## Recorded information:
::::::::
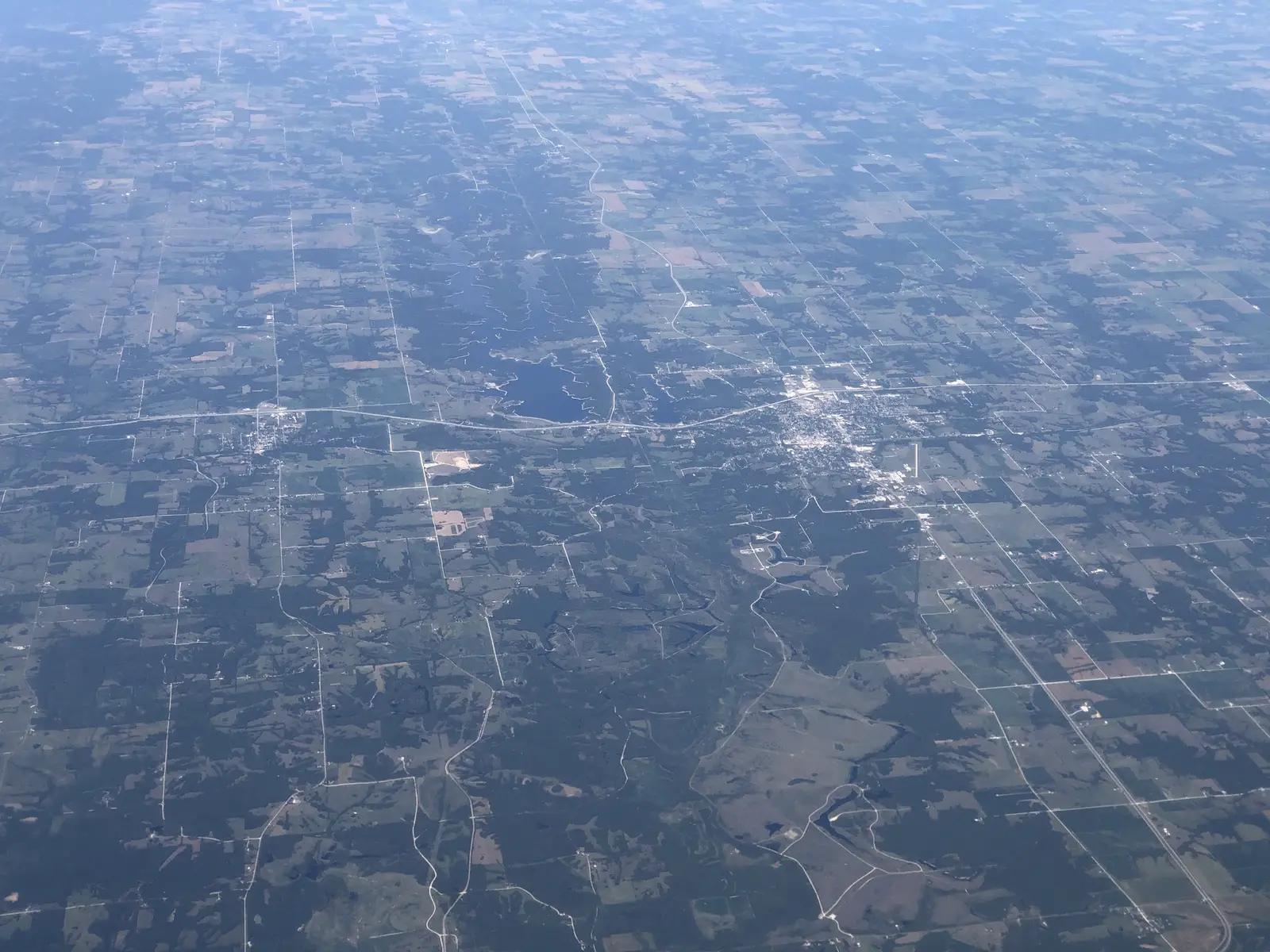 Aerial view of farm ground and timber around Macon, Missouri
::::::::
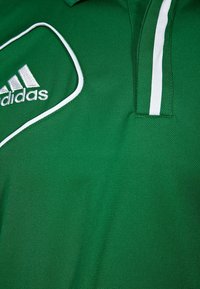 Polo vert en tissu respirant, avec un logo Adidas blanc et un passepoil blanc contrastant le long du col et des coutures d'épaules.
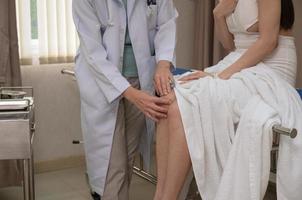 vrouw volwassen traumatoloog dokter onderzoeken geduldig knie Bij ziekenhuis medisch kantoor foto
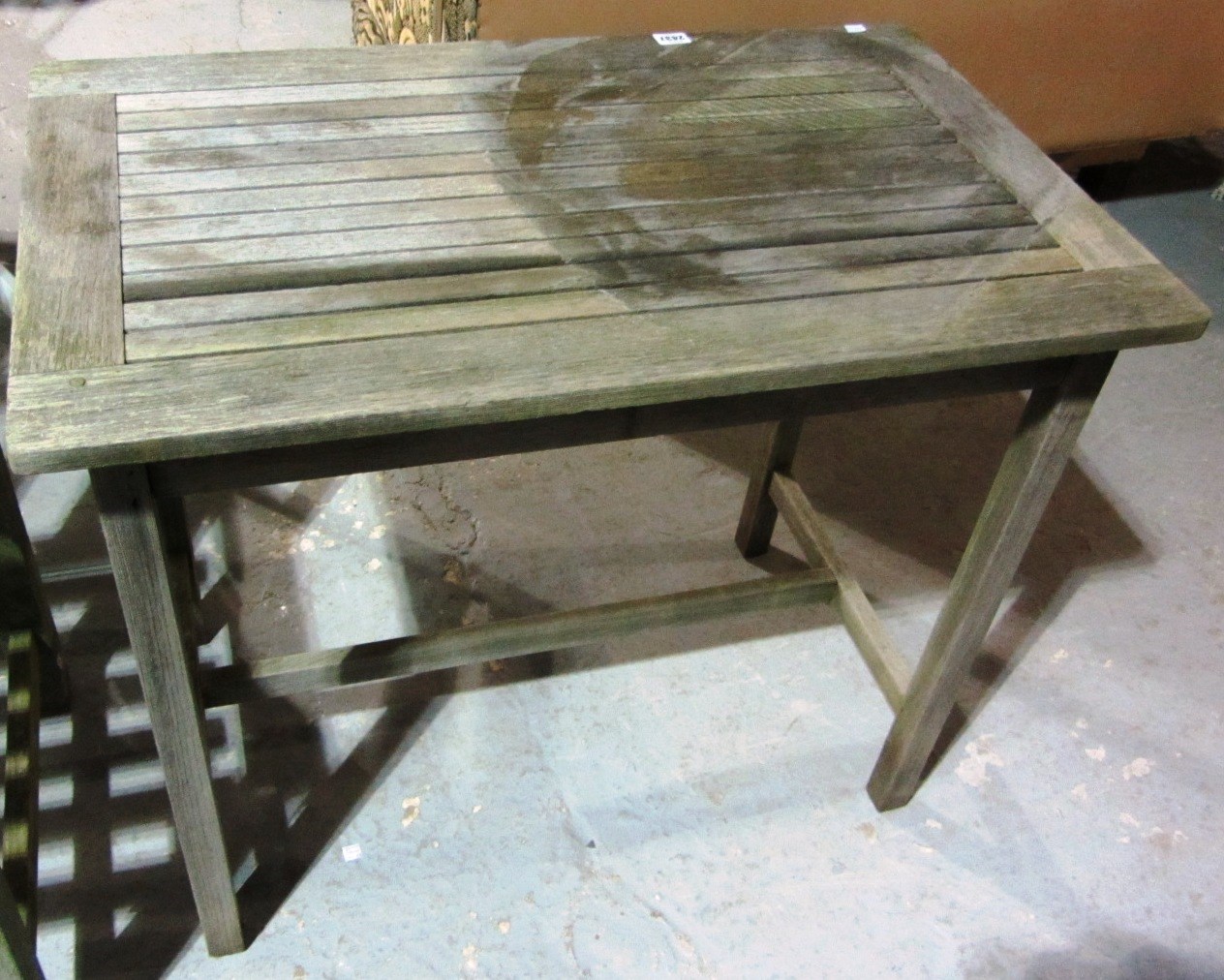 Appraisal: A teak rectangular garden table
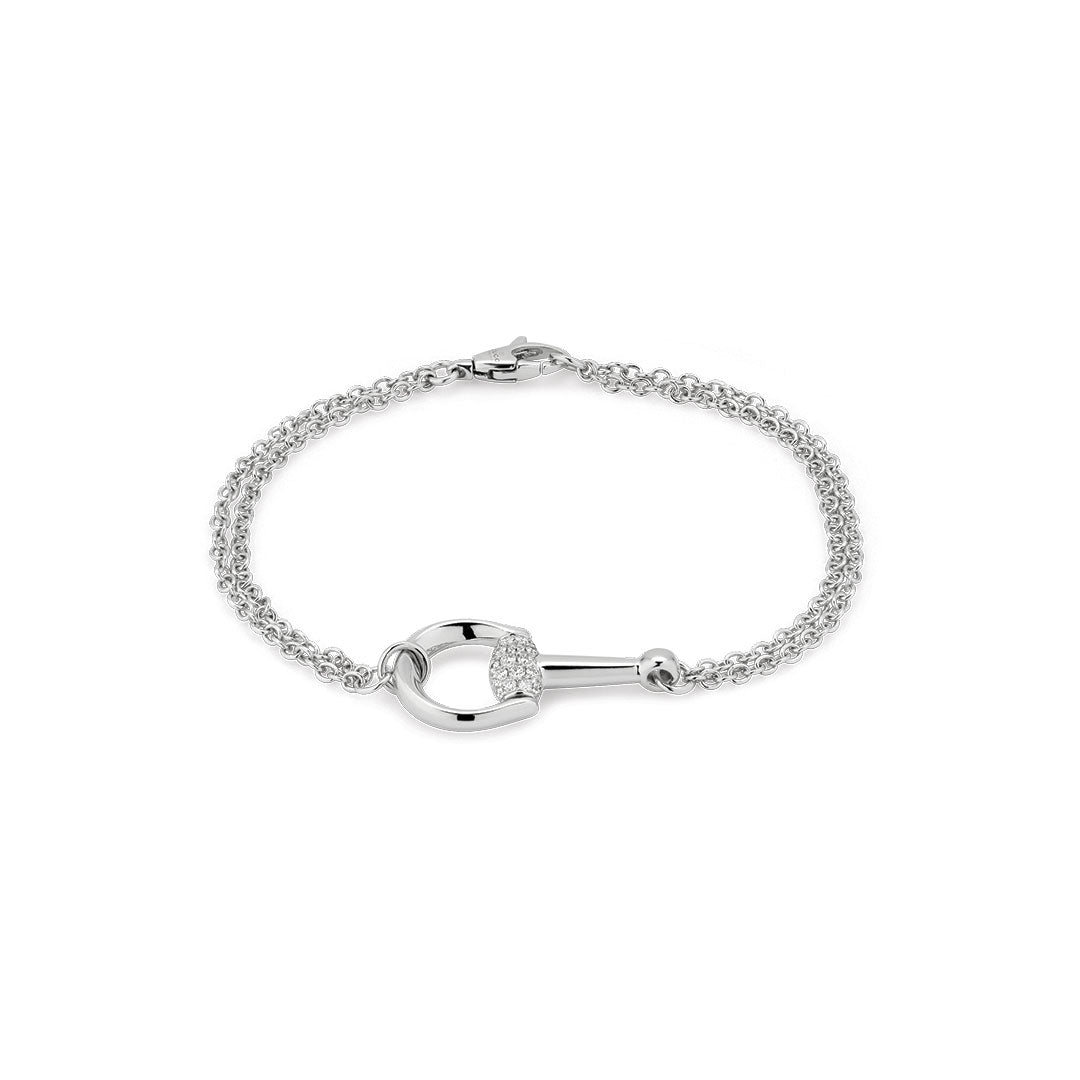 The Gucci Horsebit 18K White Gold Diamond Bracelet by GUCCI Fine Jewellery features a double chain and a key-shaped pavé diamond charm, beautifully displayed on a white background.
::::::::
## Assignment:
Within the material above, only the stretch from the line holding "Polo vert en" through the line holding "Appraisal: A teak rectangular garden table" is to be restated exactly. Pictures are dropped.

## Written reply:
 Polo vert en tissu respirant, avec un logo Adidas blanc et un passepoil blanc contrastant le long du col et des coutures d'épaules.
 vrouw volwassen traumatoloog dokter onderzoeken geduldig knie Bij ziekenhuis medisch kantoor foto
 Appraisal: A teak rectangular garden table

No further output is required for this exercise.